Quando uso la parola "indebita", non intendo dire che il principio dipende dalla prova di un male. Colui che ha stipulato, ottenendo un profitto illecito, può averlo fatto esclusivamente per egoismo senza avere coscienza del danno provocato all'altro. Ho intenzionalmente evitato ogni riferimento ad una volontà dominata o sopraffatta da un'altra. Chi versa in uno stato di bisogno, può coscientemente stipulare un contratto svantaggioso, al solo fine di uscire dalla situazione in cui è coinvolto. Ancora, non intendo dire che ogni negozio è automaticamente valido per il solo fatto che una parte ha ricevuto un parere indipendente. Ma l'assenza dello stesso è sempre fatale."
Il tema proposto da questa sentenza ha generato, negli anni seguenti, un lungo dibattito dalla House of Lords.
Riscontrabile siamo nel 1966, nella decisione SCHROEDER v. MACAULAY, concernente un accordo per l'esclusiva pubblicazione tra le parti.
La proposta avanza da Lord Denning ed in parte sostenuta dalla House of Lords, è stata ridimensionata da una sentenza più recente: NATIONAL WESTMINSTER BANK v. MORGAN, in cui i giudici hanno fatto ricorso ad un'analisi più tradizionale; suggerendo di sottoporre il problema dell'opportunità di una normativa generale all'attenzione del Parlamento.
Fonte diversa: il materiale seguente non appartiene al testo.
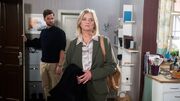 Folge 3796-1
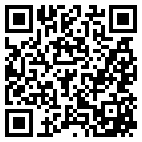 QR Code for Broadway Vet in Boise, ID 83706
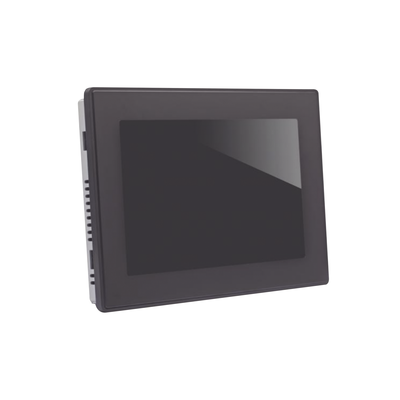 HONEYWELL BMS WEB-HMI10/CF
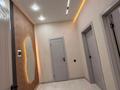 1-бөлмелі пәтер · 45 м² · 2/9 қабат, мкр. Алтын орда, бағасы: 22.5 млн ₸ в Актобе — фото 4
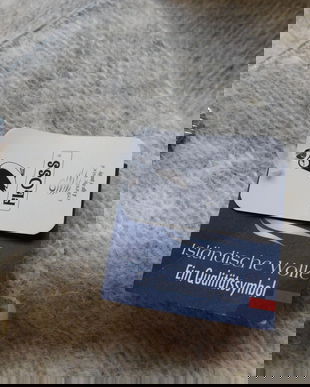 Fular Islanda , nou, lina    calitate extra ,  superb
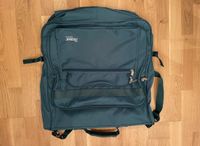 Assima Kleidersack Reise-Gepäck Tasche Koffer Nordrhein-Westfalen - Neuss Vorschau
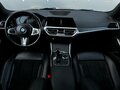 2020 BMW 3 серии 320i xDrive VII (G2x), чёрный, 2798500 рублей - вид 5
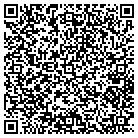 QR code with Head Start Program contacts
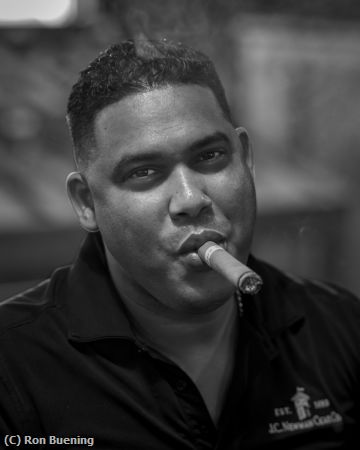 Missing Image: i_0048.jpg - Hector the Cigar Roller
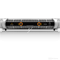 BEHRINGER NU6000 усилитель мощности D класса 2 х 3000 Вт @ 4 Ом, 2 х 1500 Вт @ 8 Ом - фото 12221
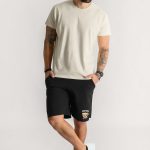 lobster-shorts-aa-black-4091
I giudici hanno indirizzato il loro commento essenzialmente sugli aspetti procedurali, specificatamente nei casi citati, nella mancanza di un parere indipendente, che avrebbe suggerito alla parte soccombente di sottoscrivere il contratto in presenza di altre condizioni. Dalle note del giudice Sachs, nella sentenza Bundy, emerge come unico avvertimento che un consulente avrebbe potuto fornire quello di non firmare. Il caso Bundy non è però così raro come si potrebbe pensare, riguardando la totale unilateralità dell'interesse allo scambio, motivo importante e presente anche nella sentenza Morgan.
C'è poi un elemento di circolarità nel ricondurre questa casistica all'ineguaglianza procedurale. Il fatto è che, in casi analoghi, il punto di rottura della giustizia nella formazione dell'accordo risulta dall'interferenza dell'inadeguatezza della consideration o dalla presenza dell'undue influence.
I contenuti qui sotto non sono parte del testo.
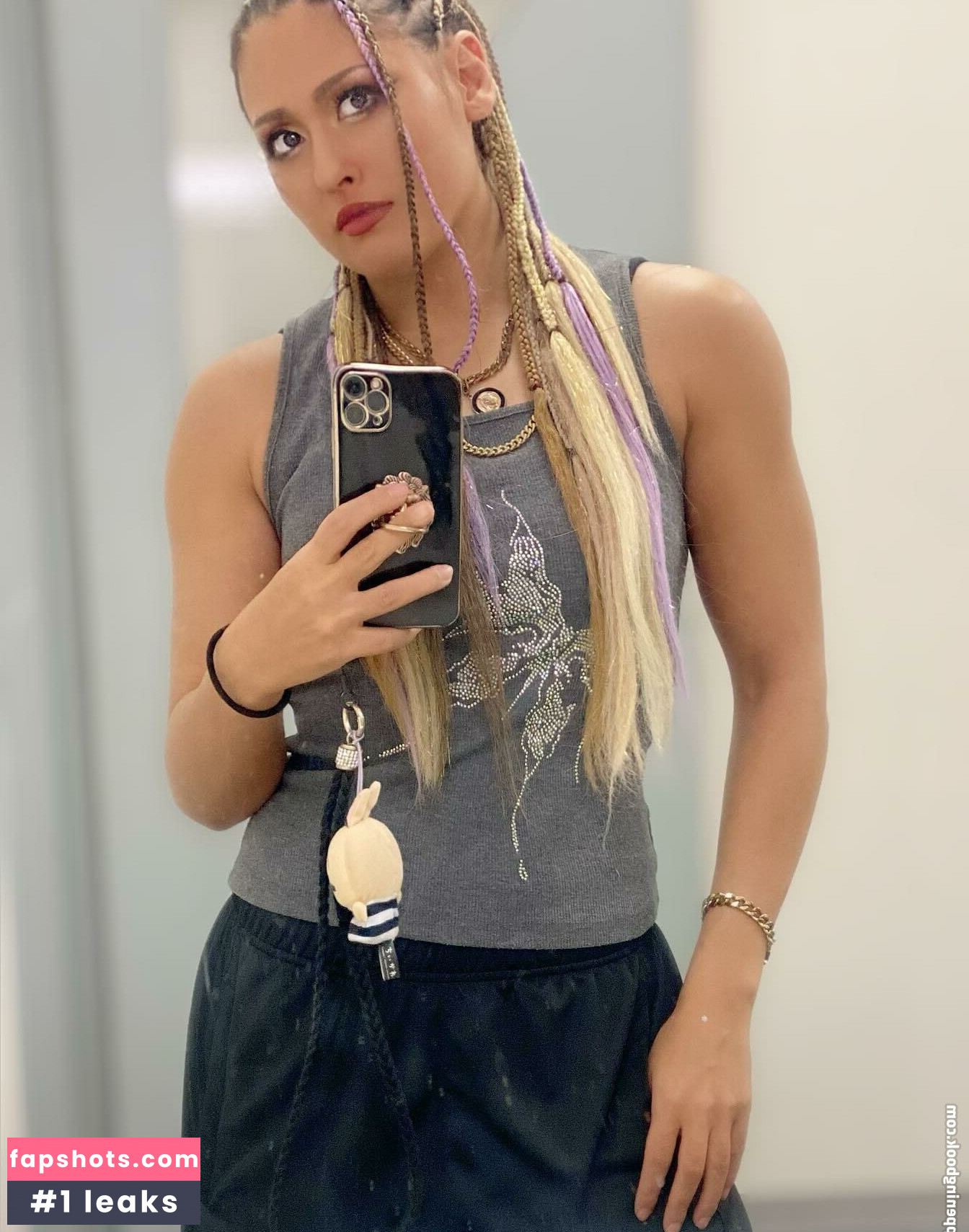 Giulia gallery photo #139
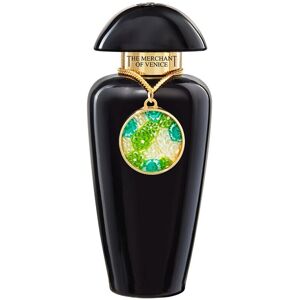The Merchant Of Venice Pearl Bouquet - 30 ml - Profumo The Merchant Of Venice Pearl Bouquet - 30 ml - Profumo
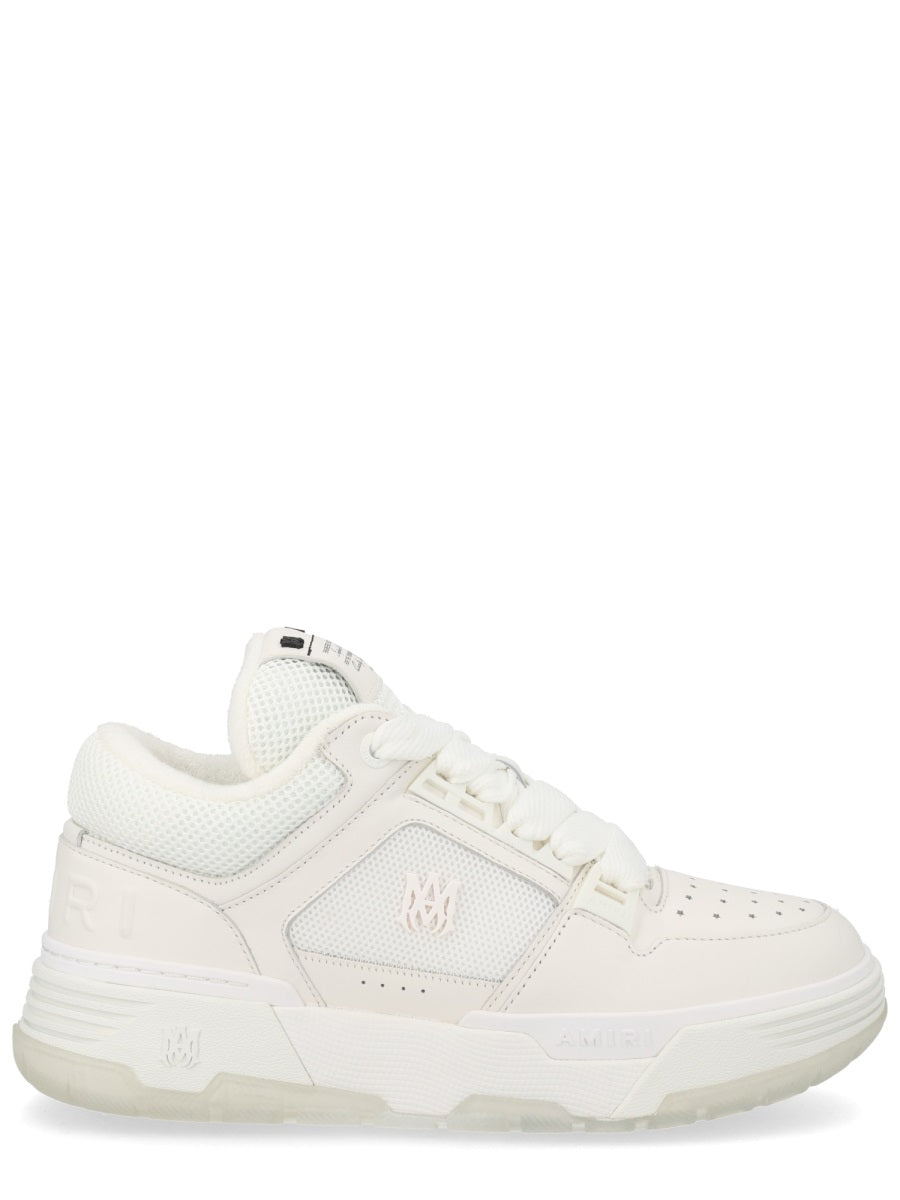 Amiri Sneakers - White | fe98eca81cae970d097baed79b7f786108df7057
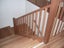 VITEX SECONDS - 65 x 45mm - 280m - TS6742 Carousel 16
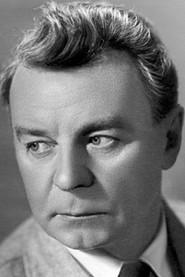 Grigori Kirillov as прокурор in The Brothers Karamazov 1969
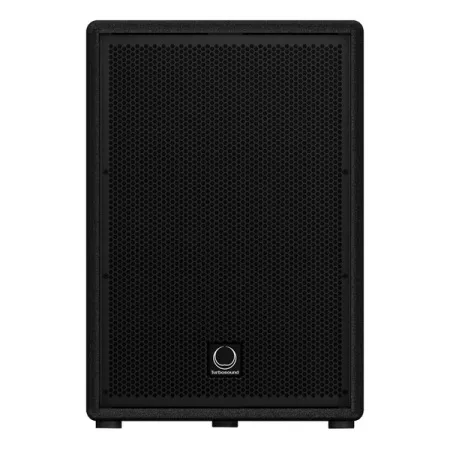 TURBOSOUND TPX122M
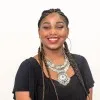 Aniya Alves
Cercare di separare i due tipi di ineguaglianza porta ad una maggiore confusione, piuttosto che a delle linee di demarcazione precise. Secondo ATIYAH non è più possibile accettare, senza serie motivazioni, l'idea che la legge odierna concerne solamente il procedimento di formazione del contratto e non influenza i suoi risultati.
Resta da chiedersi se ci siano degli accordi manifestamente ingiusti, che le Corti non possono annullare con qualcuna delle pre-esistenti dottrine. Secondo lo studioso Beale si debbono distinguere i casi di indebita influenza dall'ineguaglianza del potere contrattuale. Nella vicenda Bundy registriamo che la seconda dottrina non richiede la presenza di un rapporto di confidenza o di fiducia fra le parti; e che la prima non deve essere provata come fatto; ma si presume, quando il potere contrattuale e le clausule sono inique o inadeguato l'interesse alla conclusione. Certamente le Corti valutano l'ingiustizia alla luce delle circostanze che sottintendono la firma dei singoli accordi, senza il velo d'ostilità mostrato da alcuni giudici nei confronti di un principio generale.
Appare altrettanto chiaro come una dottrina ampia ed omogenea abbia trovato un " terreno poco fertile " nelle decisioni della House of Lords.